Senator Kenny's Security and Defence committee has released several reports over the last three years raising concerns about the country's lack of preparedness for terrorist attacks. In December 2004, Kenny released the 2005 edition of the Canadian Security Guide Book, which highlighted the same concerns Fraser drew attention to: improperly guarded and underguarded borders, and vulnerable ports and airports. In one example, he noted that Canada's ports of entry were jeopardized by the disappearance of 1,127 uniforms or uniform items belonging to Canadian airport screeners over a nine-month period, including 91 security badges.

Kenny's committee also alleges that the government is "cutting corners on intelligence." This seems to confirm Fraser's findings that nearly $9 billion in anti-terrorism money is not ending up where it is supposed to go, and that there are intelligence gaps resulting from fiscal mismanagement and oversight confusion. Kenny says the problem is not merely money but training; he said it can take years to properly train intelligence officers, but that there is no commitment to train a sufficient number of analysts.

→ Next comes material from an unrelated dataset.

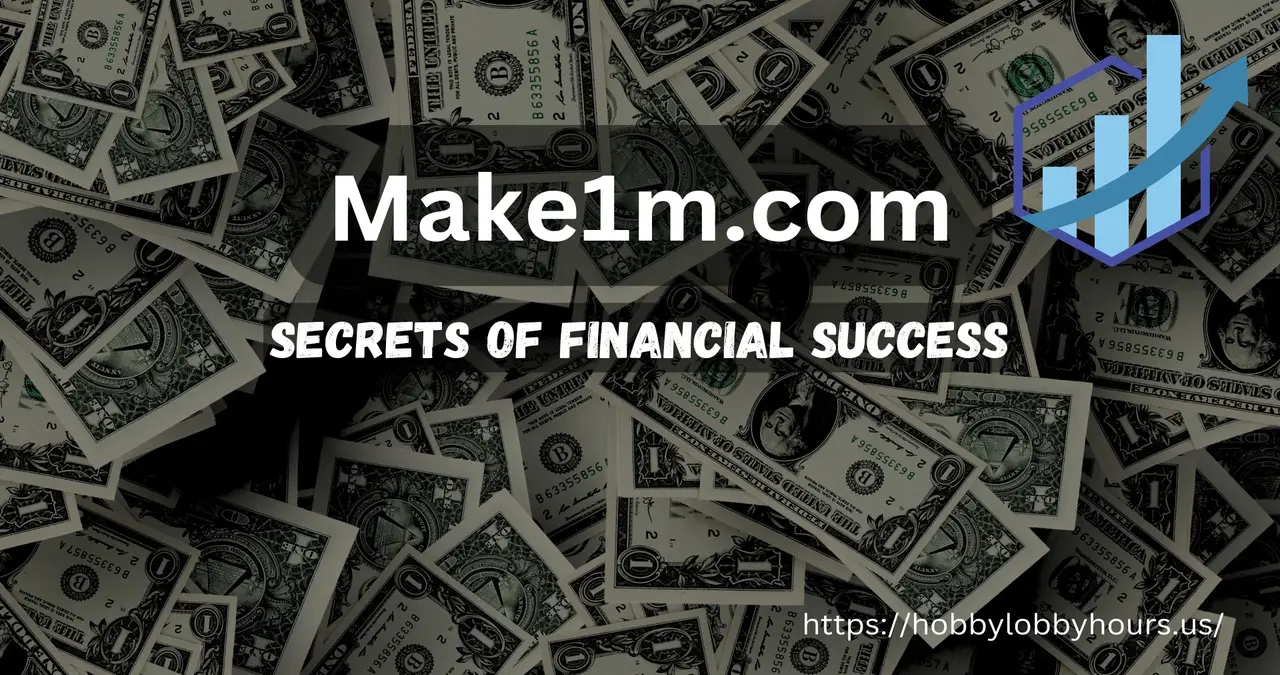 How Make1m.com Is Helping Aspiring Entrepreneurs Become Millionaires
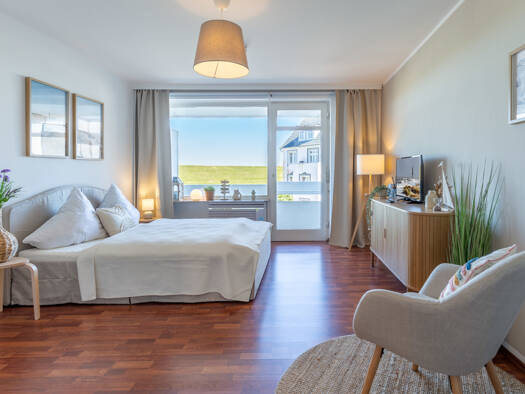 Studio zum Kauf 109.000 € 1 Zimmer 32 m² 1. Geschoss Emmastraße 40 Döse Cuxhaven / Döse 27476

Fraser's report also found other problems with the government's response to 9-11. Fraser said the official watch lists of criminals and terrorists were outdated, and that such information was not being shared among departments so that, for instance, the list of 25,000 lost and stolen passports each year is given to front-line border officers. She concluded, "These matters are serious and need to be addressed."

Although McLellan admitted that Ottawa could be doing more, her ministry of Public Safety and Emergency Preparedness points to its publication "An Overview of Canada's Counter-Terrorism Arrangements" to highlight what is being done. The overview outlines communications protocols and which minister is responsible for what under different circumstances, but it is all rather mundane, day-to-day issues of what happens within government. None of it makes Canadians safer; it only assigns responsibilities if a terrorist attack were to occur.

To the CCD's Gordon, that reinforces the idea that, at best, Ottawa is ready to react to attacks and not prevent them. While he does not consider the Martin Liberals serious about tackling the issue of terrorism because to do so would require a politically incorrect honesty that would alienate their core of Muslim voters, he would suggest that if Ottawa wanted to prevent terrorism it should stamp out its root cause ­ Islamic fundamentalism and the hatred it engenders. He urged Ottawa to apply hate laws to deal with preachers of hate such as Younus Kathrada, who teaches at the Dar al Madinah Islamic Society's information centre in East Vancouver and who preaches that Jews are "monkeys" and "swine," exhorting followers to kill Jews and infidels.

Gordon said Canada must also stop repatriating into Canada Al Qa'eda families such as the Khadrs. He said that the immigration system had to be fixed, including imposing higher standards on refugee claims from countries known to incubate terrorism.

Dave Harris, former chief of strategic planning for CSIS, agrees. He told a recent disaster-management conference that Canada needs "to get a grip on our disgraceful immigration policies because we don't know what radicals are coming in."

Gordon adds another, perhaps unpopular, measure: Canada must recognize "that we are at war" and "invoke a type of war measures act in which we would accept some temporary suspension of civil rights, as opposed to more permanent suspension of civil rights that comes with terrorist bombings,­ death and the loss of freedom."

For Gordon, until such measures are enacted to prevent terrorists from coming into Canada and operating freely here, it is only a matter of time until they successfully kill a massive number of innocents.

"When we are scraping up bodies in Toronto, we know today that the killers will be Muslim and that they will be incited to commit these atrocities in mosques or Muslim community centres." Gordon said we have the power to clamp down on such incitement, but it remains clear that ­ McLellan's tough new tone notwithstanding,­ the political will is still not there.